Investors looking to exchange higher risk for potentially greater rewards should explore these three “new school” industrial stocks.
Rethinking Industrial Stocks
When discussing industrial stocks, thoughts may immediately turn to traditional sectors such as steel production and machinery. However, this category also includes some of the fastest-growing fields, like electric vehicles (EVs), aerial taxis, and companies focused on commercializing space, often referred to as space stocks.
Thus, for investors keen on identifying industrial stocks with significant market-beating potential over the next five years, a few emerging names stand out: Archer Aviation (ACHR 0.73%), AST SpaceMobile (ASTS 2.75%), and Rivian Automotive (RIVN +0.71%).
Archer Aviation: Poised for Takeoff
Electric vertical takeoff and landing (eVTOL) stocks, often dubbed “flying taxi” stocks, have maintained popularity throughout 2025. Despite recent pullbacks in names like Archer Aviation, it may be premature to consider this trend over.
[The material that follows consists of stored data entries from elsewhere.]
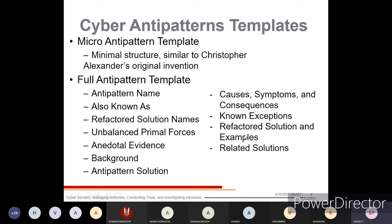There are two types of templates: micro anti-pattern templates, which have a minimal structure simpler than Christopher Alexander's original invention, and full anti-pattern templates, which contain the complete anti-pattern name and also known as names.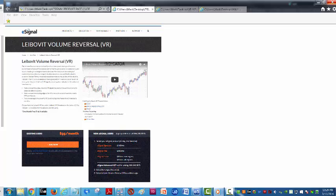Good morning, it's Mark Leibovit. It's Monday morning, March 14th, and this is a Leibovit volume reversal tutorial here on eSignal.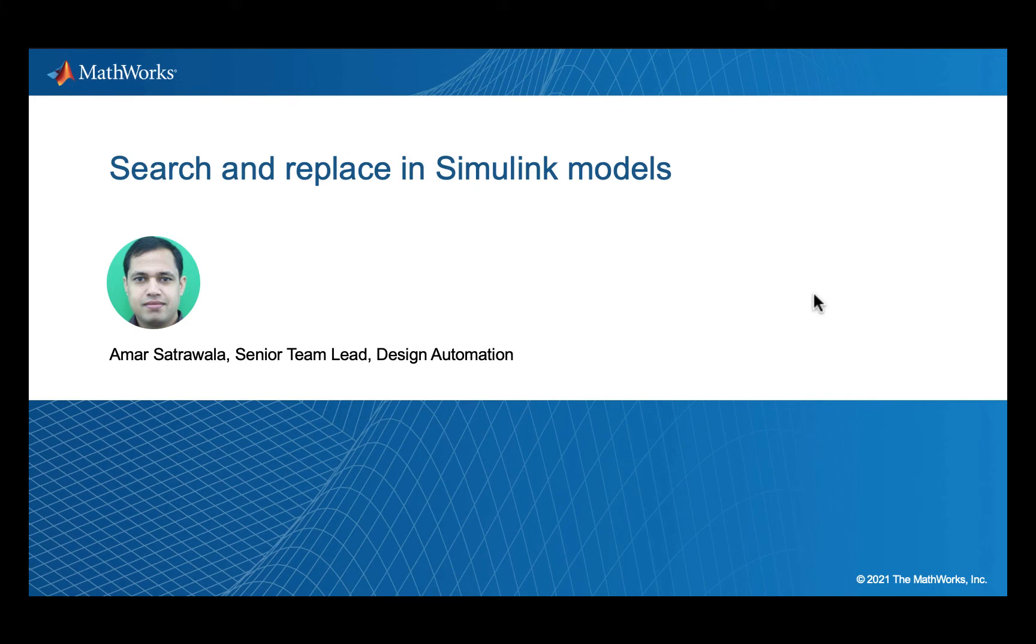Hello, my name is Amar Satrawala and I am the development lead on the Simulink Finder team.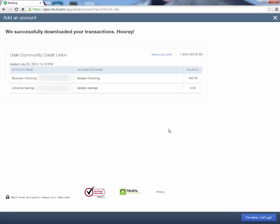Now we can see that they have successfully downloaded our transactions. We can see it pulled in our balances from the Business Checking and the Universal Savings Account. When that's done, click in the bottom right where it says I'm done.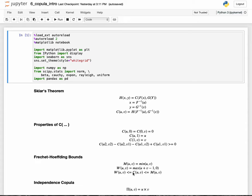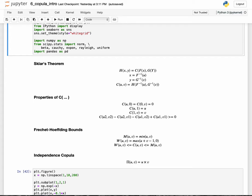The inequality stating that any copula must lie between these two bounds tells us that the range of dependencies copulas can model is bounded by perfect counter-monotonicity on the lower end and perfect co-monotonicity on the upper end. One final very important copula is the independence copula, represented by pi, which represents two random variables that are independent of each other. For example, the tire pressure of all cars in the world and the height of trees are independent random variables whose dependence can be modeled with an independence copula.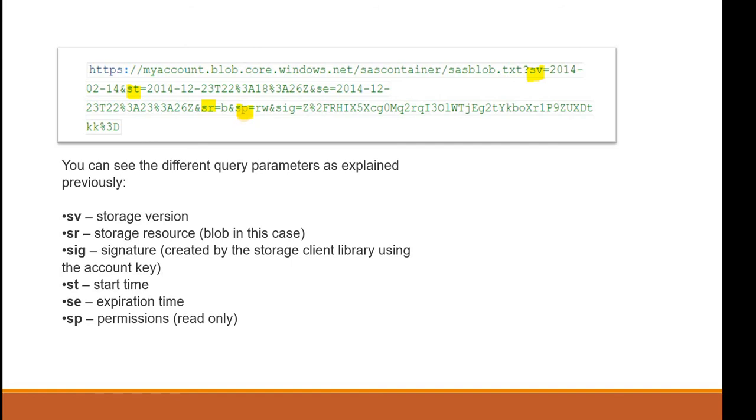Always be careful while selecting the time and the permissions because this URL may be accessed by persons with whom you don't want to share the access. It is good to validate the user credentials if you have given any write permission so that it should not be able to do any malware activity on your storage account.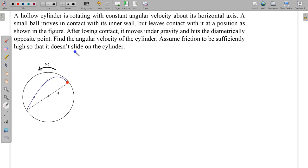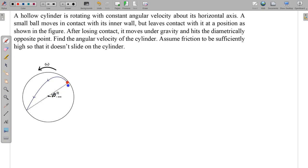Assume friction is sufficiently high so that the ball does not slide on the cylinder. At the point where contact is lost, the normal reaction becomes zero. If we draw the free body diagram at this location — where the position vector makes angle theta — the forces are Mg vertically downward and friction in the tangential direction. But since normal is zero, friction is also zero.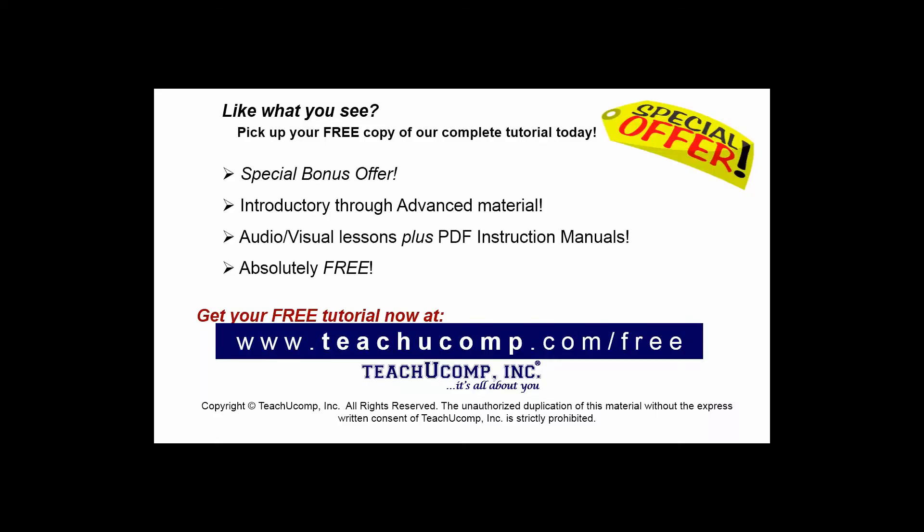Like what you see? Pick up your free copy of the complete tutorial at www.teachucomp.com/free.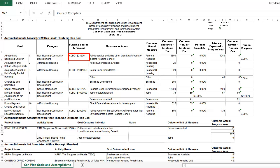For CDBG and HOPWA, the system looks at the program year on the Accomplishment Detail page. For Home, the system looks for activities with a completion date in the given year. ESG grantees do not report accomplishments in IDIS; ESG accomplishments will have to be inputted manually into the CAPER.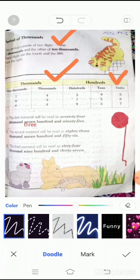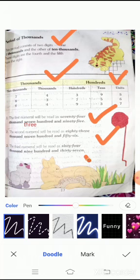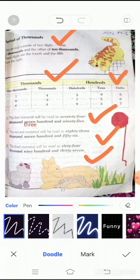Here are some examples, and I will explain how we read these. The first numeral will be read as seventy-four thousand three hundred and ninety-five. The second numeral will be read as eighty-three thousand seven hundred and fifty-six. The third will be read as sixty-four thousand nine hundred and thirty-seven. I have explained the whole chapter on numeration, and I hope all of you understand all the questions.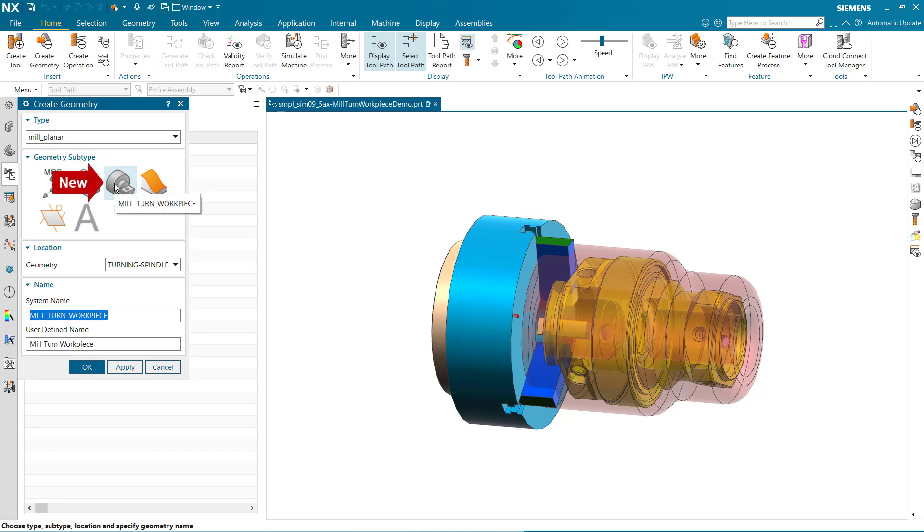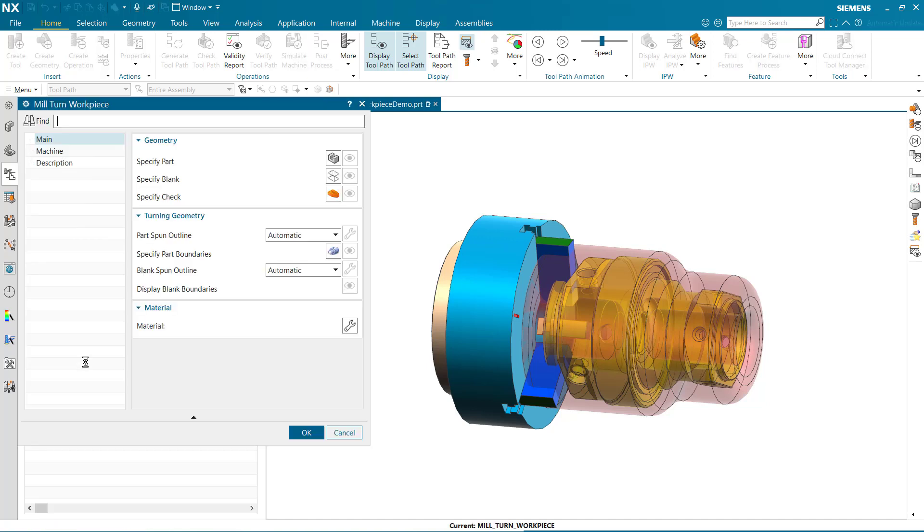This subtype is available in several milling and turning geometry templates and is available only when a machine tool is loaded. The dialog now uses the common explorer style.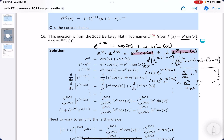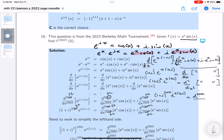Continuing the pattern: the first derivative gives a factor of (1+i)^1, the second gives (1+i)^2. So the 2022nd derivative gives: (1+i)^2022 · e^(x(1+i)) equals the 2022nd derivative of the right-hand side, which is the 2022nd derivative of e^x·cos(x) plus i times the 2022nd derivative of e^x·sin(x).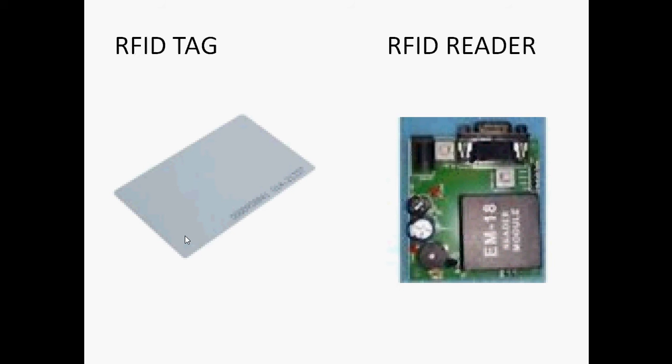The data is a 12-bit serial number. This 12-bit number is transmitted to the RFID reader. When the particular reader value matches with the particular controller data, some processes are going to happen.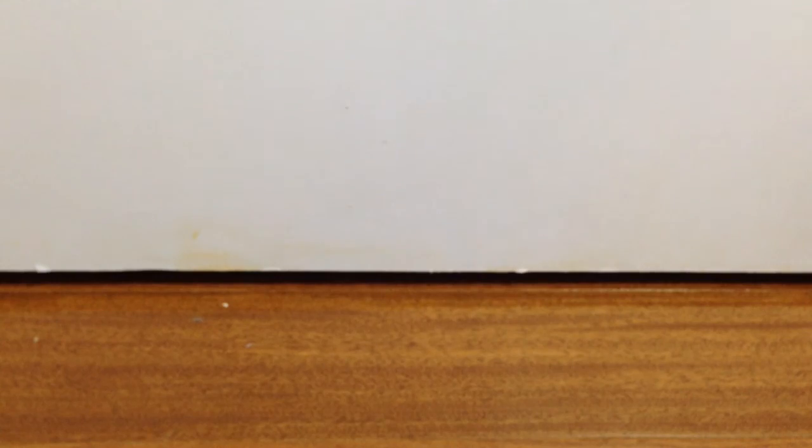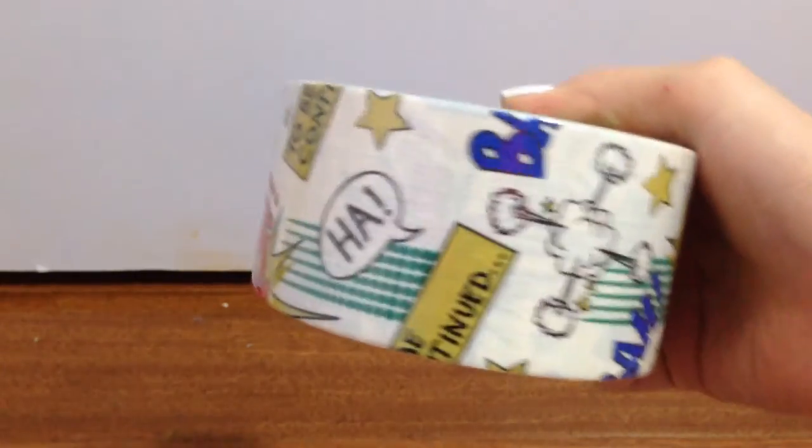But let's see, oh okay, so I already have this one, but I got this comic design duct tape.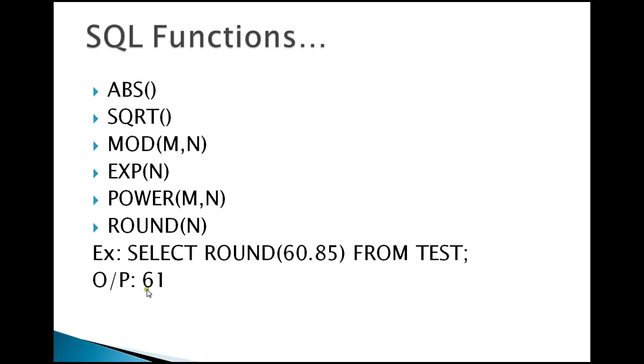ROUND - if you want to get some round value, so around 60.85 it would be like 61. In this way you can have numeric functions. You can use these numeric functions while working with either an application program, DB2 application program, or practicing an SQL query.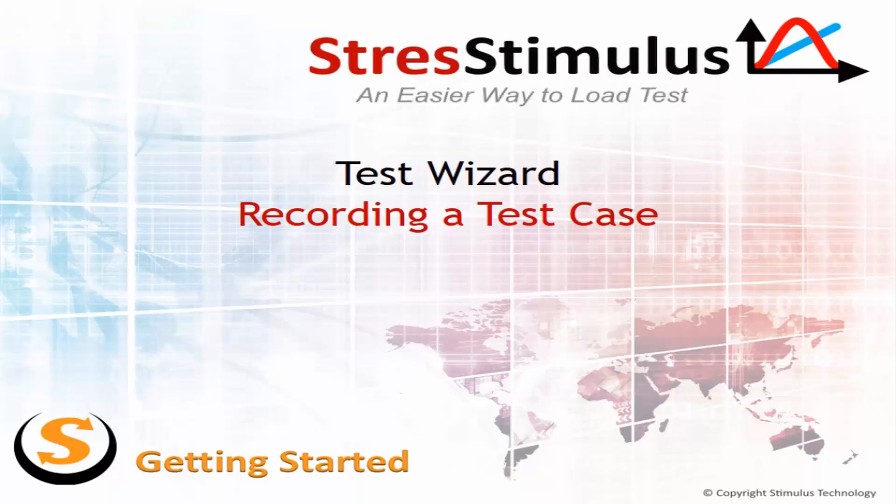Welcome back. In this video, we will learn how to record a test case using a sample e-commerce website as an example.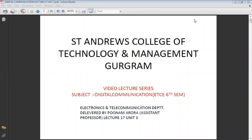Hello everyone, this is Poonam Grover from St. Andrews Institute of Technology and Management, Paruk Nagar, Guru Gram. Today I start with my topic based upon digital communication, which is beneficial for ETC sixth semester students.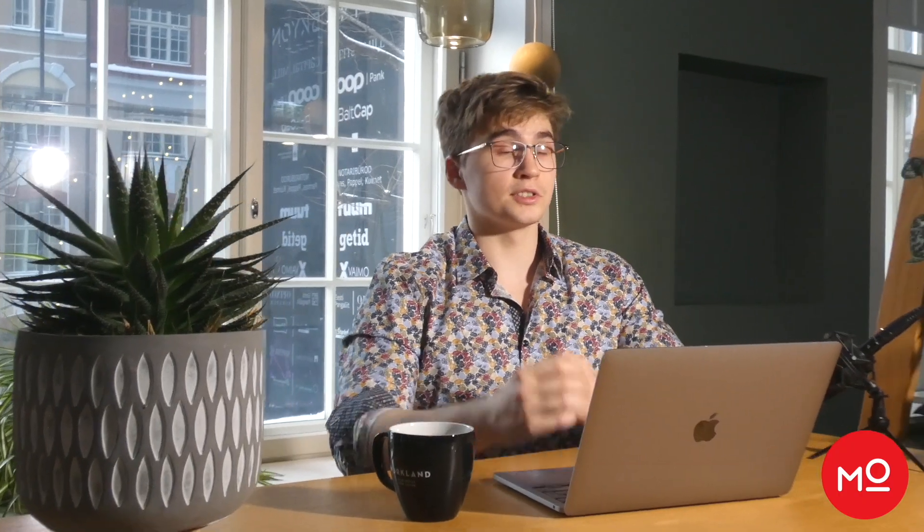You'll also notice that in some cases, there's a little alert. So if a creator was supposed to publish with an @mention or a tag and they didn't, then you'll still see the content as long as we found it. You'll just see this little indicator that they've missed something and you might want to adjust, have them add it to the content.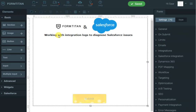Hi, in this demo video of FormTitan and Salesforce, I will show you how you can work with our integration logs to diagnose any kind of issues that we have with the Salesforce integration. What I'll do is I'll build a simple form that will create an account in Salesforce.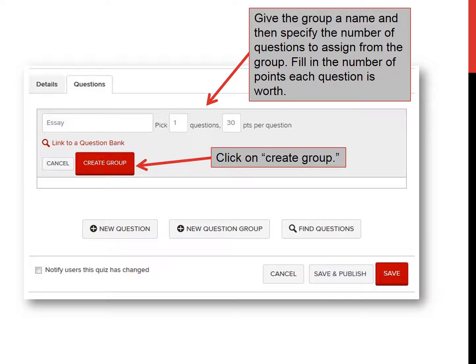What you need to do is give the group a name and then specify the number of questions to assign from the group. Fill in the number of points that each question is worth. For example, here I have an essay question — I'm going to have a group of five questions, I want the system to pick one, and I want the essay to be worth 30 points. Then you create the group.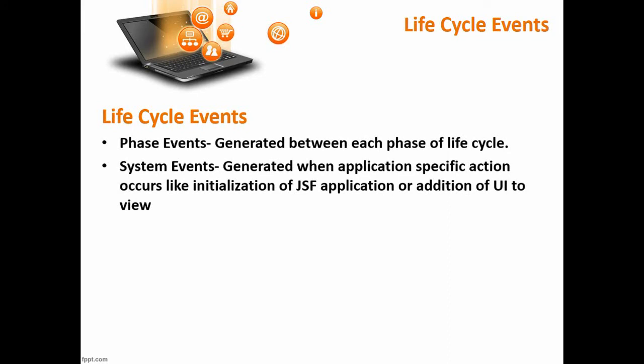Then we have system event. This event will be generated whenever the JSF application is initializing or we are adding some UI components to view.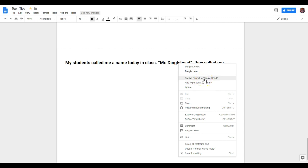Now, if I select this, this is going to create a permanent autocorrect to this word. So whenever the word Dinglehead is typed, it will separate that there. Here, this will make sure that this word is never marked as misspelled anymore because it will be in my personal dictionary.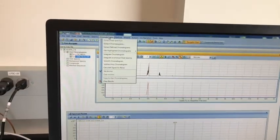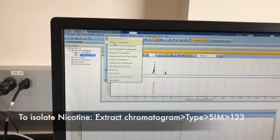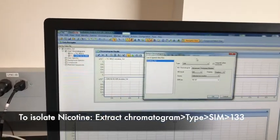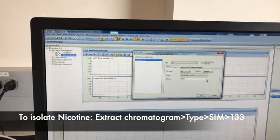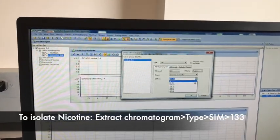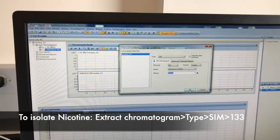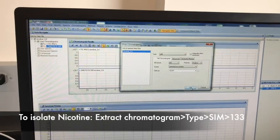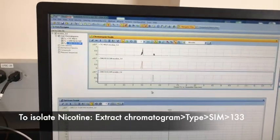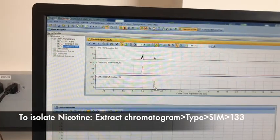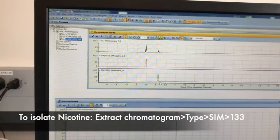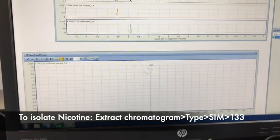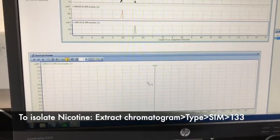Similarly, we're going to go back to Chromatograms, Extract Chromatograms, Selective Ion Monitoring, and choose m/z 133, or the value closest to 133. Click OK. You'll notice we've got nicotine now. If I double click on that, I get only the nicotine peak.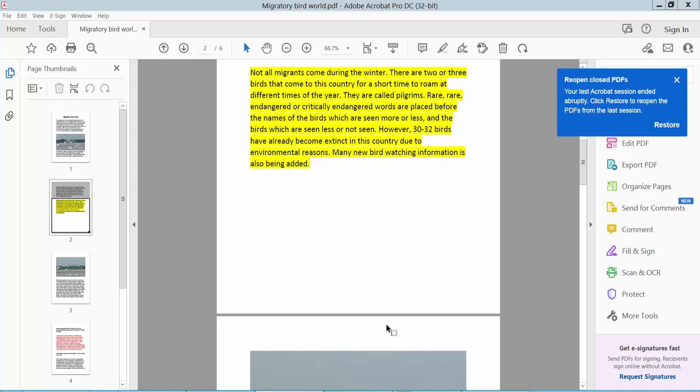Hello everyone, today I will show you how to flip a PDF image vertically and horizontally using Adobe Acrobat Pro DC.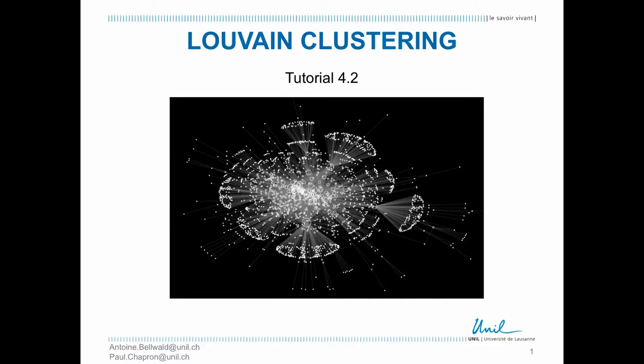Hi everyone, welcome to this new tutorial. I'm going to show you how to use the Louvain Clustering. Let's try on our network.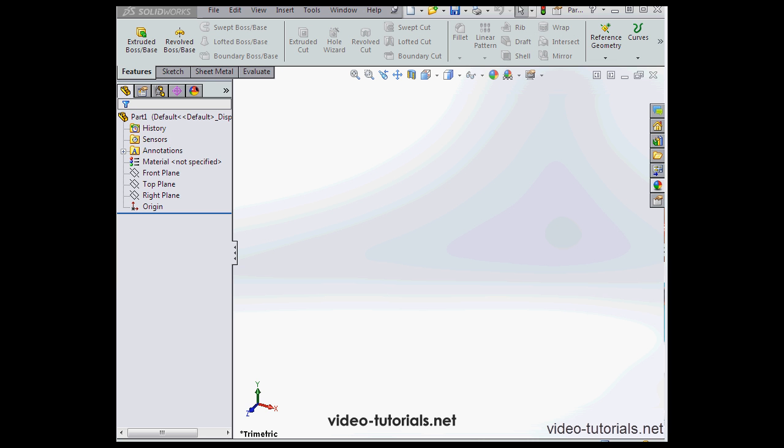Hey there! Welcome to Video-Tutorials.net's SolidWorks 2014 Essentials course. In this course, we're going to cover the fundamentals that will allow you to work productively in SolidWorks.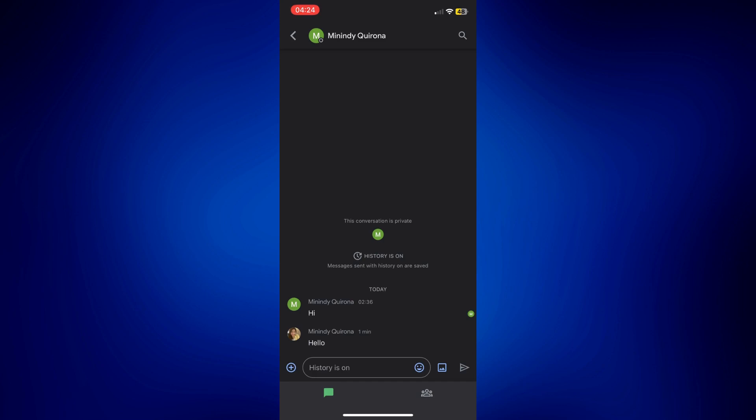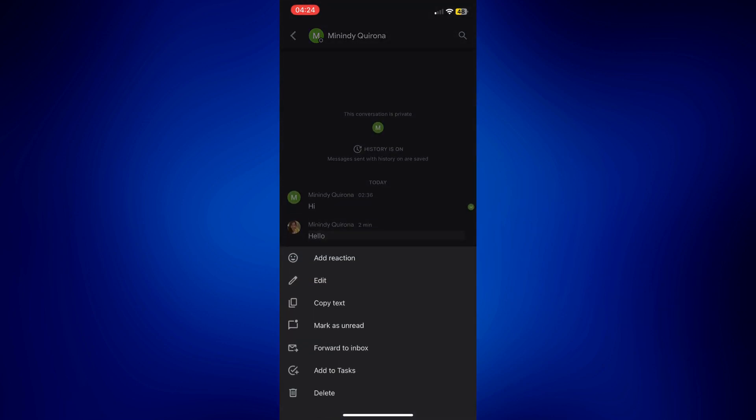The thing is, you cannot really delete a message from someone else. But what you can delete are the messages that you sent. So let's say for example, my reply to this one, hello, all I have to do here is long press on this message.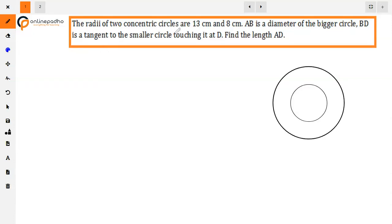The question is: the diameters of two concentric circles are 13 cm and 8 cm. AB is the diameter of the bigger circle. BD is a tangent to the smaller circle touching it at D. Find the length of AD.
In fact, Archer has achieved significant advancements in commercialization over the past month, including new manufacturing partnerships and progress in launching air taxi services in the U.S. and Saudi Arabia. Although still pre-revenue, projections indicate that Archer could generate meaningful revenue in 2026, with estimated sales around $32 million. By 2030, the eVTOL market could be worth $29 billion annually, positioning Archer as a major profit-turner with shares likely to appreciate significantly.
AST SpaceMobile’s Rapid Growth
AST SpaceMobile has surged this year, with a 244% increase in share price. However, that doesn’t mean investors have missed out on its launch in the telecommunications sector. The company’s progress in commercialization is a primary driver of its stock success.
While AST SpaceMobile is projected to see a staggering 1,200% sales increase this year, forecasts for 2026 suggest growth could continue at 342.6%. The company may achieve consistent profitability as early as 2027 or 2028, with analysts predicting earnings per share of $0.35 and $2.57 for those respective years.
Rivian: A Leading EV Contender
A few years ago, investors were buzzing about various EV start-ups potentially competing with market leader Tesla. Today, interest in many of these “Tesla competitors,” such as Lucid Group, has diminished. However, Rivian Automotive remains a notable player with prospects of carving out a significant space in the EV market.
This year, Rivian has started reporting positive gross profits. The upcoming launch of its R2 line of affordable SUVs could help the company reach new production, delivery, and profitability milestones. Anticipation around the R2, potentially generating annual sales in the six-digit range, could lead Rivian toward GAAP profitability, further elevating its stock price.